_What needs to be done:_
Lower down are entries containing pictures. Copy exactly, without those pictures, the lines from the line with "Amatique Bay Resort & Marina 5" through the line with "505 SE 7th ST, Cape Coral, FL 33990".

_Task input:_
▬▬▬

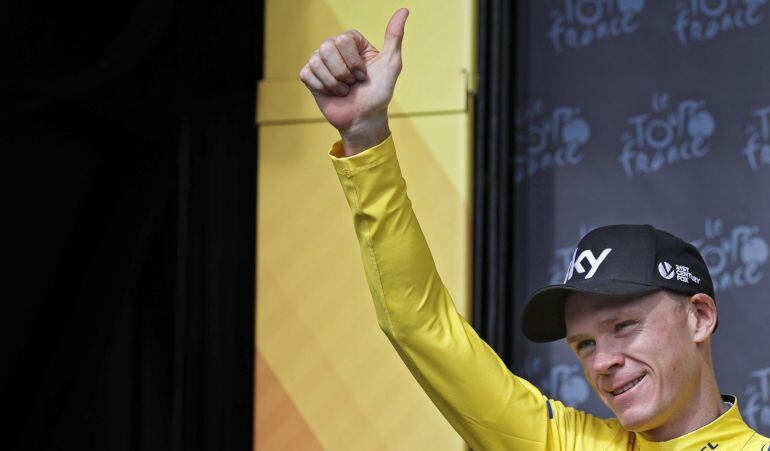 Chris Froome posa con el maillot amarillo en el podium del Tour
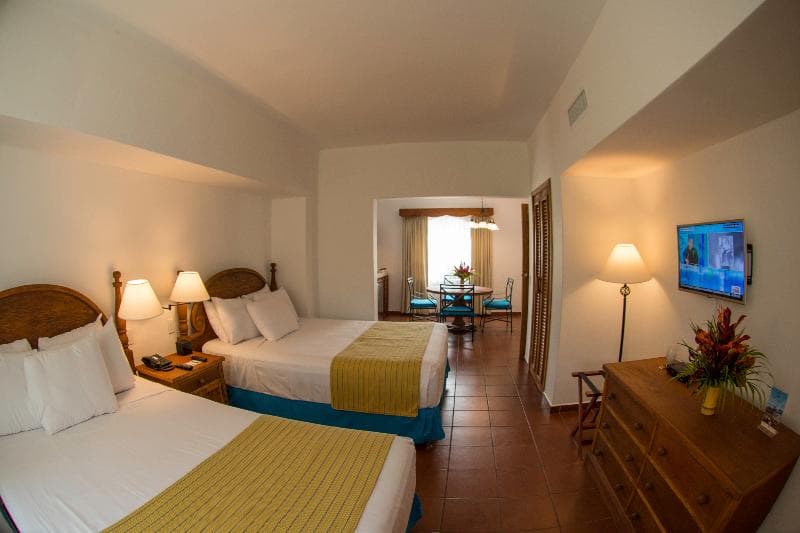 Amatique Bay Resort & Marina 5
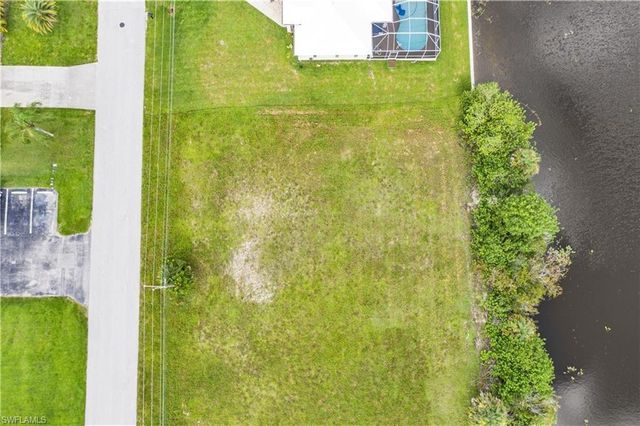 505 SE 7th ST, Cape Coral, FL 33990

▬▬▬

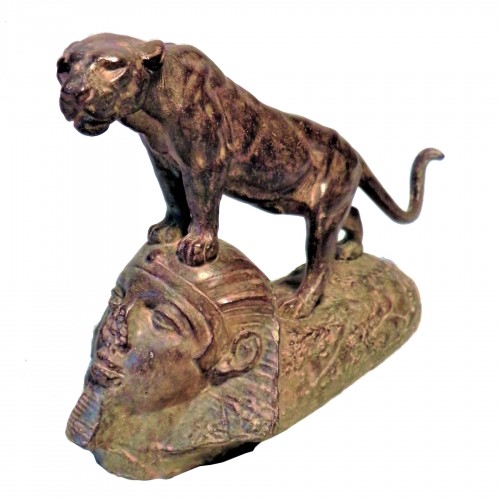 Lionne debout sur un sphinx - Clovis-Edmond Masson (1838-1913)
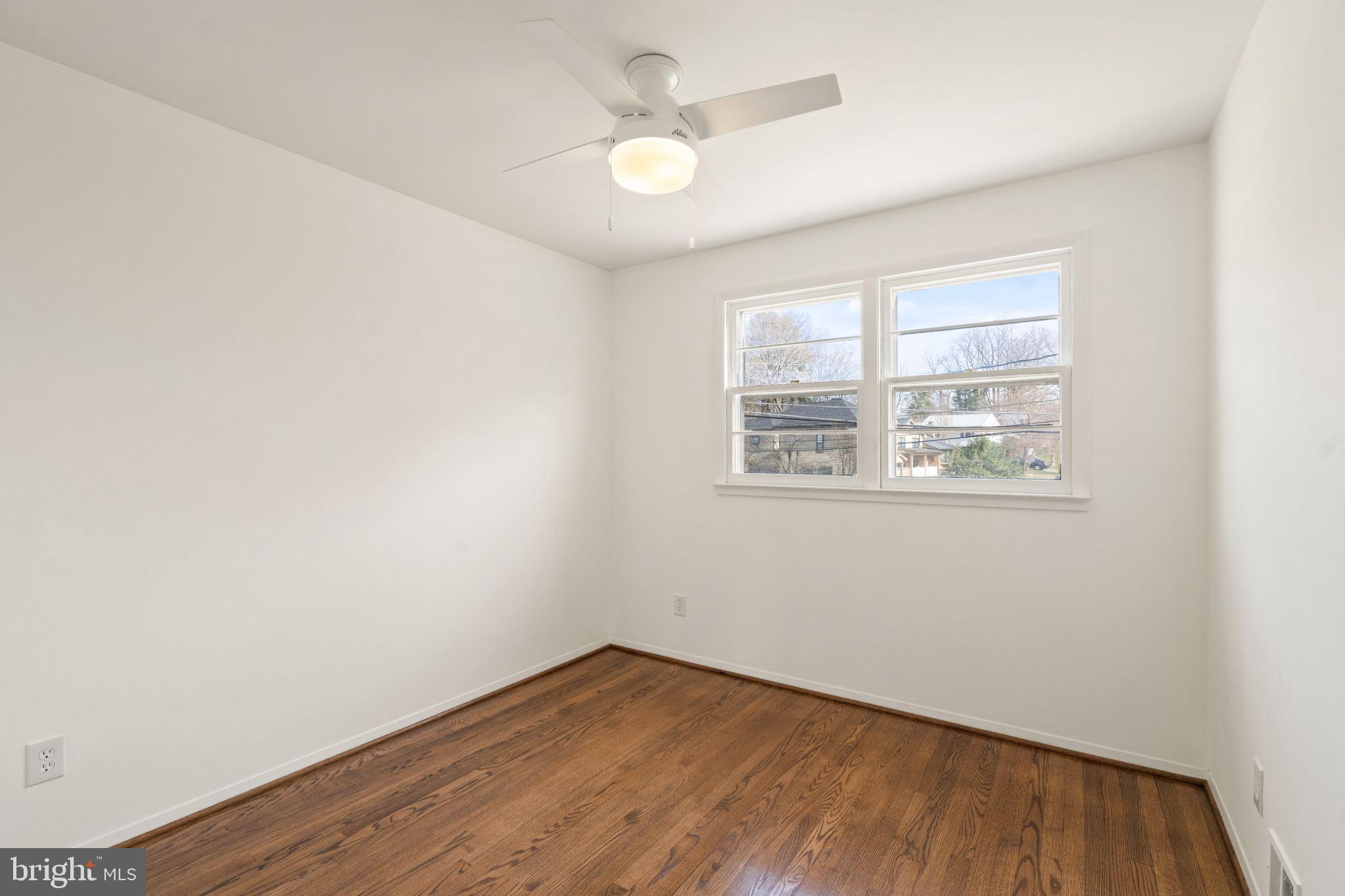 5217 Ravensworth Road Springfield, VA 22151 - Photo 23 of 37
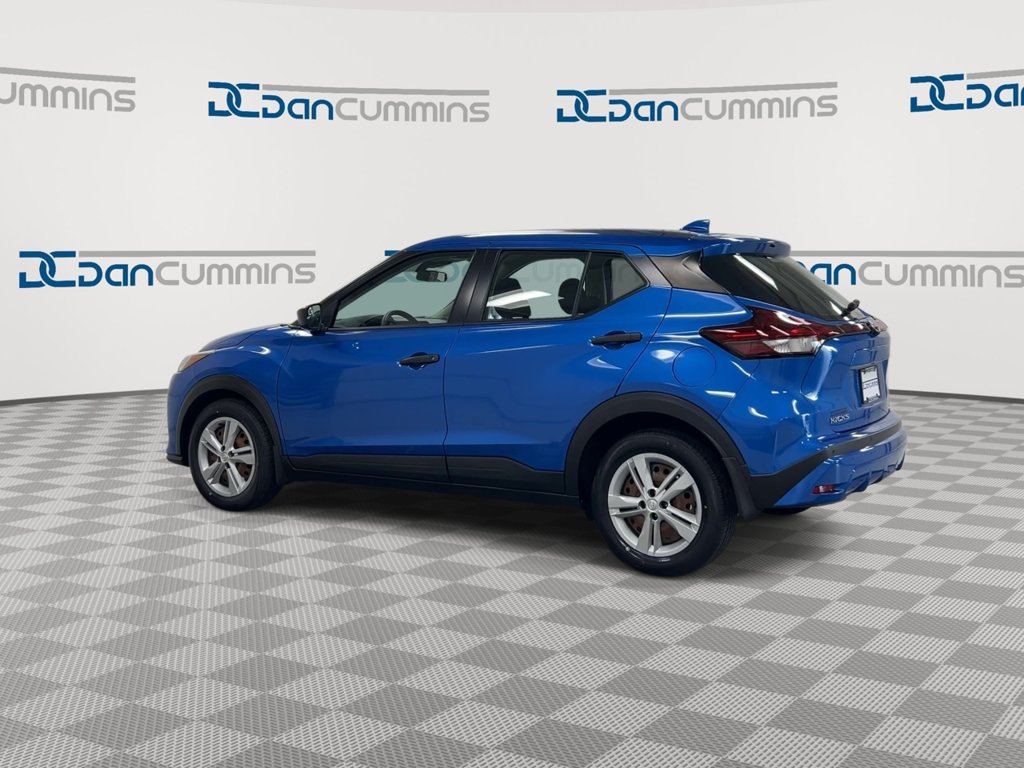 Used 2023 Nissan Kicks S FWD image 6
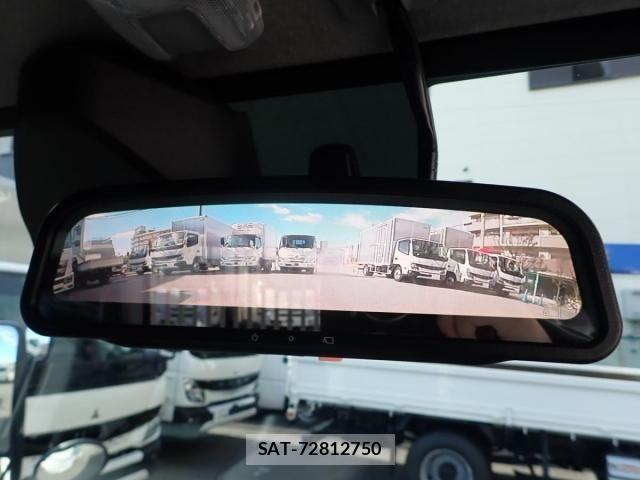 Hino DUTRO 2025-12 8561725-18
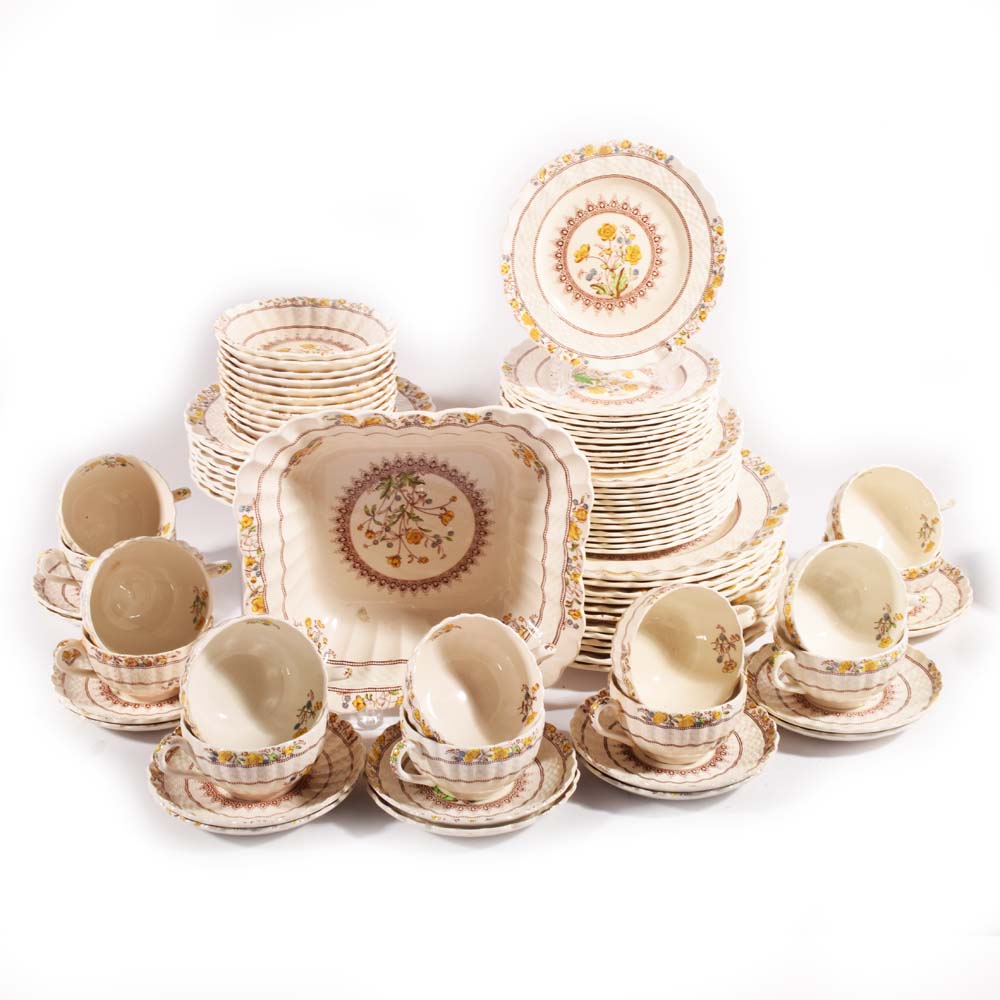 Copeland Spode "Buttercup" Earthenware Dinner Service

▬▬▬

_Response to this task:_
 Amatique Bay Resort & Marina 5
 505 SE 7th ST, Cape Coral, FL 33990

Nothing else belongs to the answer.